In a recent posting Mr. Nicholls offered up his views on the virtues of smaller government. The Toronto Star published a column extolling the virtues of "progressive conservatism" with government playing an active role in Canadian society. Stephen Harper's former colleague responded to the column with a letter to the editor which the Star ran. He provides his readers with that response, which says in part:
Big government, after all, means high taxes, burdensome regulations and bureaucrats meddling in the private sector, all of which hamper productivity, retard economic growth and undermine our standard of living. True progress only comes when government is small and when it respects the freedom of entrepreneurs to innovate and create wealth.
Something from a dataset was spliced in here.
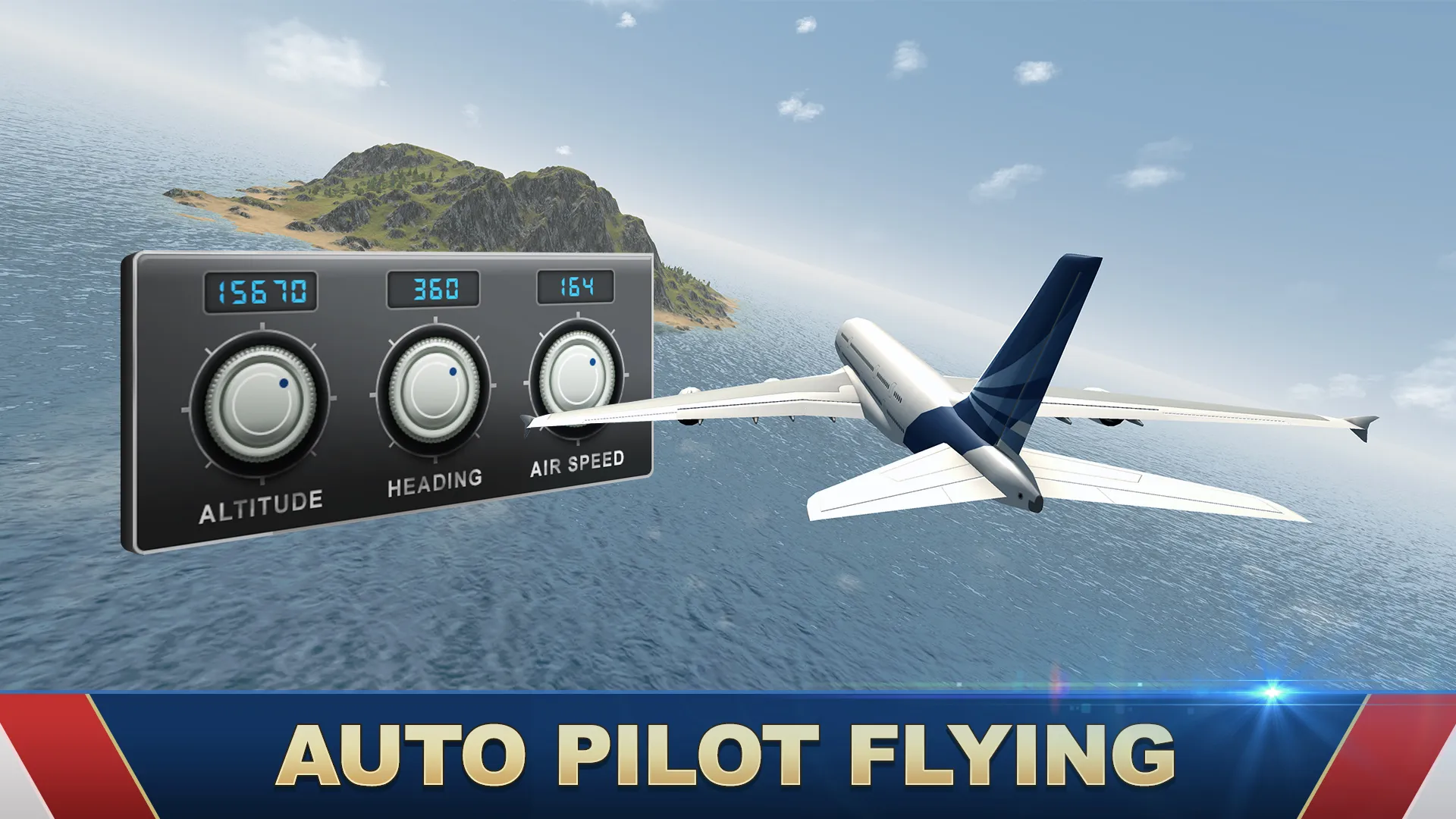 Jumbo Jet Flight Simulator | Indus Appstore | Screenshot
I don't agree with Mr. Nicholls, but my disagreement is probably the result of having a different frame of reference, or perspective. I do think Gerry makes some valid points, but the conclusion he draws from them is off the mark for the majority of Canadians in my opinion.
Does bigger government mean higher taxes? Of course it does, the creation of agencies and programs requires funding by way of taxation. Do these agencies with their bureaucrats meddle in the private sector? Yes they do. And it is certainly reasonable to suggest that this meddling does in fact hamper productivity.
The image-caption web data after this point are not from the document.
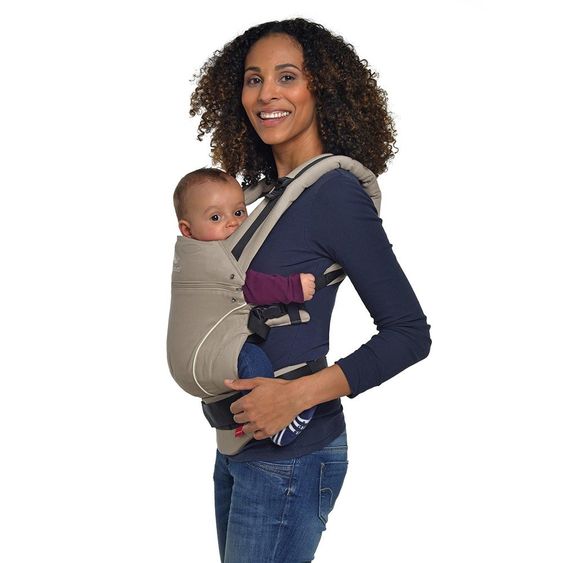 manduca Babytrage Pure Cotton - Desert Sand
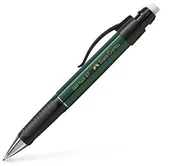 Ołówki - Faber-Castell 130700  ołówek mechaniczny Grip Plus, grubość wkładu: 0,7 MM, trzpień kolor: zielony metalik, zielony F130700 - miniaturka - grafika 1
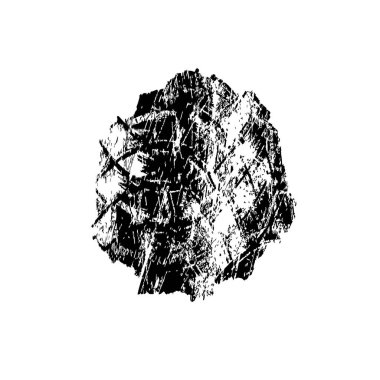 soyut grunge spot tasarımı, vektör illüstrasyonu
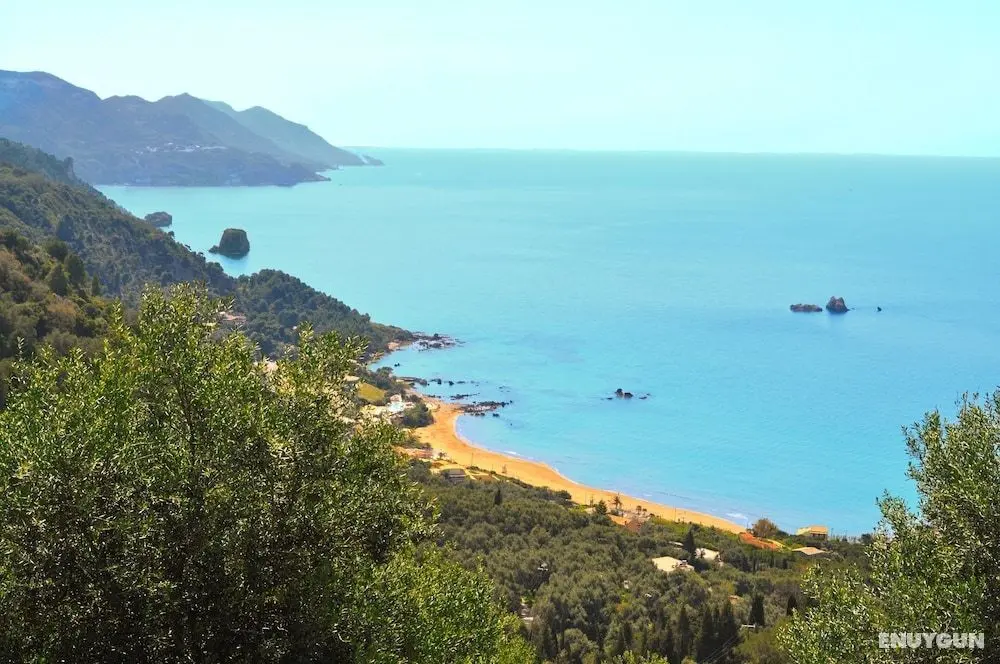 House Lemoni, Apartment C - Pelekas, Corfu - Konum Öne Çıkanlar
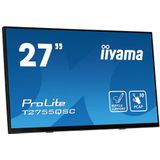 iiyama ProLite T2755QSC-B1 - 27 Inch - IPS - QHD - 10 punts touch
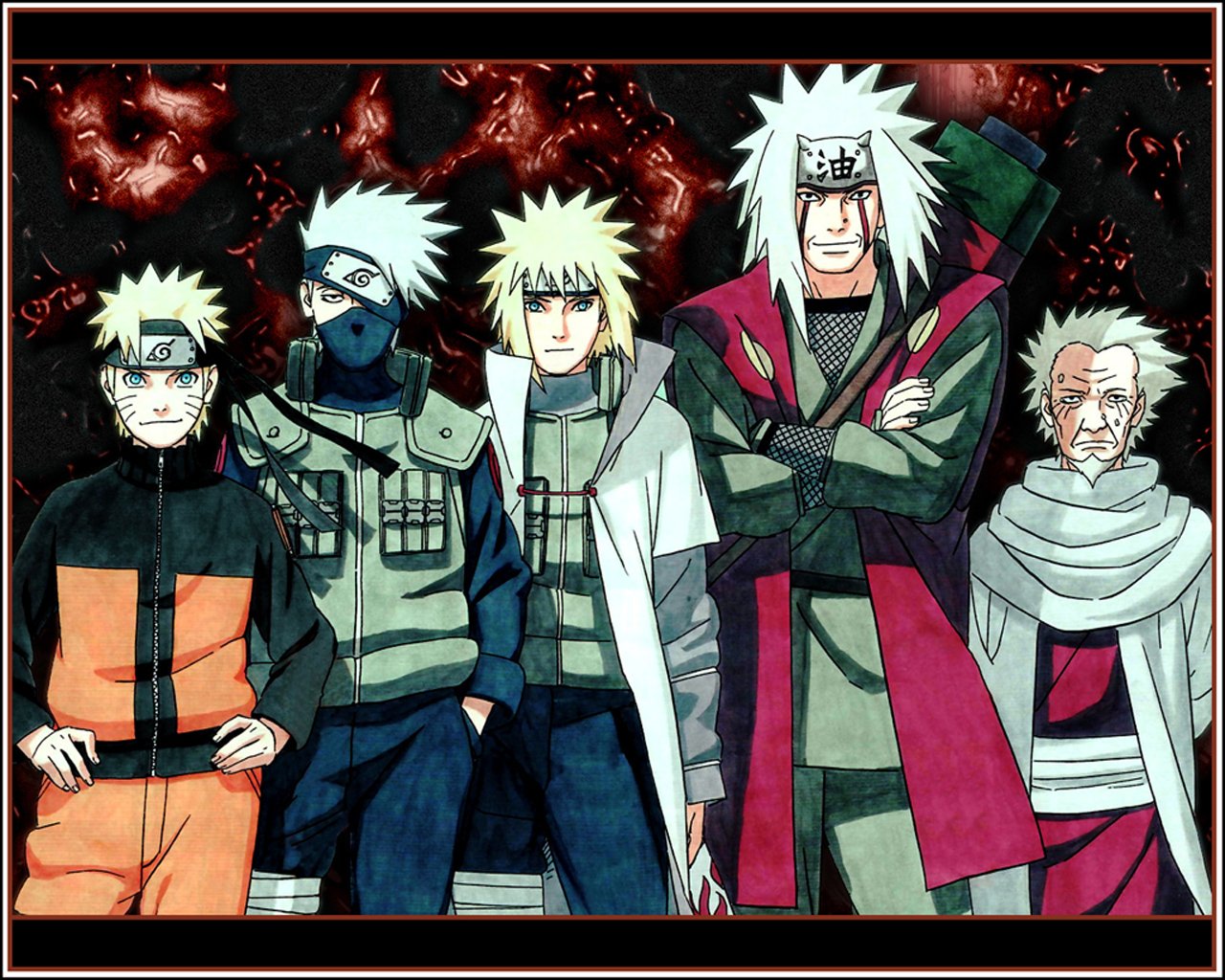 Detail Kakashi Vs Minato Nomer 54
But does it retard economic growth and undermine our standard of living? Is government only progressive when it is small, respecting the freedom of entrepreneurs to innovate and create wealth?
Not from where this blogger sits.
I can give a current example, that of locked out and subsequently terminated Cadillac Fairview employees. According to the news I've seen on the subject, unionized workers at the Toronto Dominion Centre have filed a grievance with the Ontario Labour Relations Board, saying:
"I didn't think this company's tactics could sink any lower..."
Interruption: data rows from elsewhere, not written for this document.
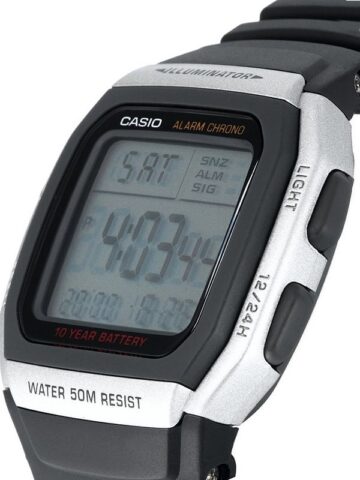 200-1 CASIO COLLECTION W-96H-1A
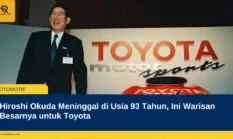 Hiroshi Okuda Meninggal di Usia 93 Tahun, Ini Warisan Besarnya untuk Toyota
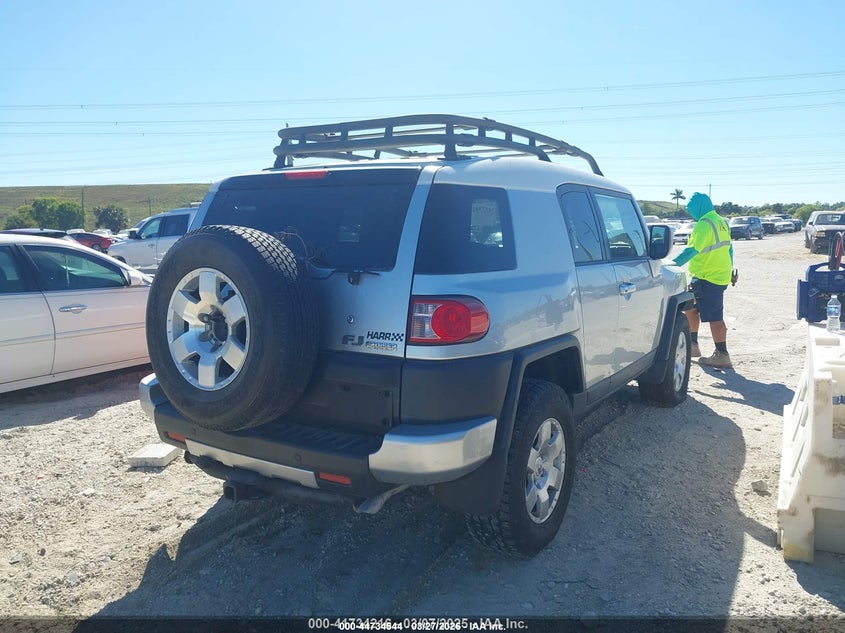 2007 TOYOTA FJ CRUISER — zdjęcie 4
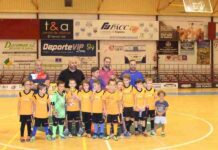 Entrega de premios del Trofeo Ferias 2018 Deporte Base Fútbol Sala 1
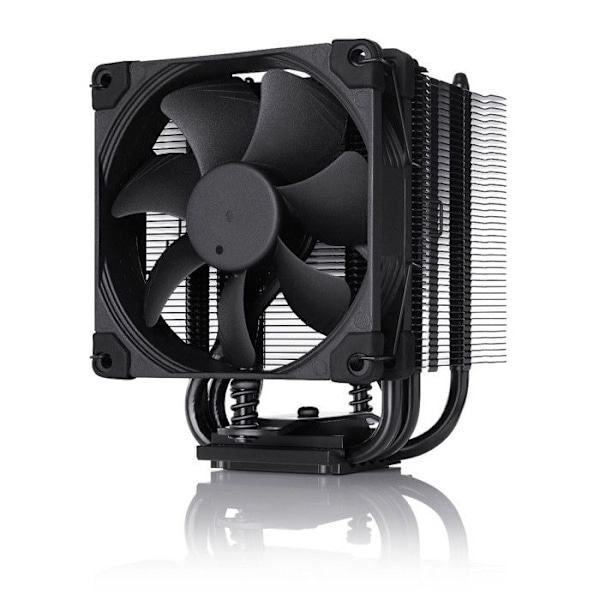 Noctua NH-U9S Chromax .Sort Sort, Krom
We'll have to wait for the actual hearing as well as possible appeals before a decision is rendered of course. But that is irrelevant to the debate over bigger versus smaller government. A labour relations board is obviously an example of what Mr. Nicholls calls..."burdensome regulations and bureaucrats meddling in the private sector".
Without the "burden" of having to answer to a government agency, supported by our tax dollars...companies like Cadillac Fairview would be able to dismiss employees with impunity. Fired workers would have no recourse in this NCC world of progress. Business corporations and entrepreneurs would be free to chase wealth and profits without fear of repercussions.
Those of a libertarian bent might try to argue that with smaller government and fewer regulations, that the wealth being created would surly 'trickle down' to the lowly hourly waged workers. That argument holds very little water, 'trickle down economics' does not work. Wealth stays concentrated at the top and wage earners see their standard of living eroding and their lives regressing...not progressing.
Business is hyper competitive, and the power of the all mighty dollar unfortunately trumps more humanitarian concerns. Like old Fezzywig of Scrooge fame....those who treat their workers well and espouse the view that 'money isn't everything' soon find themselves out of business. Their former employees forced to seek employment elsewhere with leaner and lower paying competitors.
As I stated at the beginning, its a matter of perspective and frame of reference. For an entrepreneur seeking bigger and better returns on a business venture...smaller government with less regulation would be an absolute boon. From this narrow viewpoint it could be seen as progressive. But for the larger part of the population, the vast majority in point of fact, it would be incredibly regressive.
Maybe the hyper successful Scrooges, like those with Cadillac Fairview, would have a dream induced epiphany. But in the end it was government regulation and control which brought increased prosperity and progression to the Tiny Tims of this world.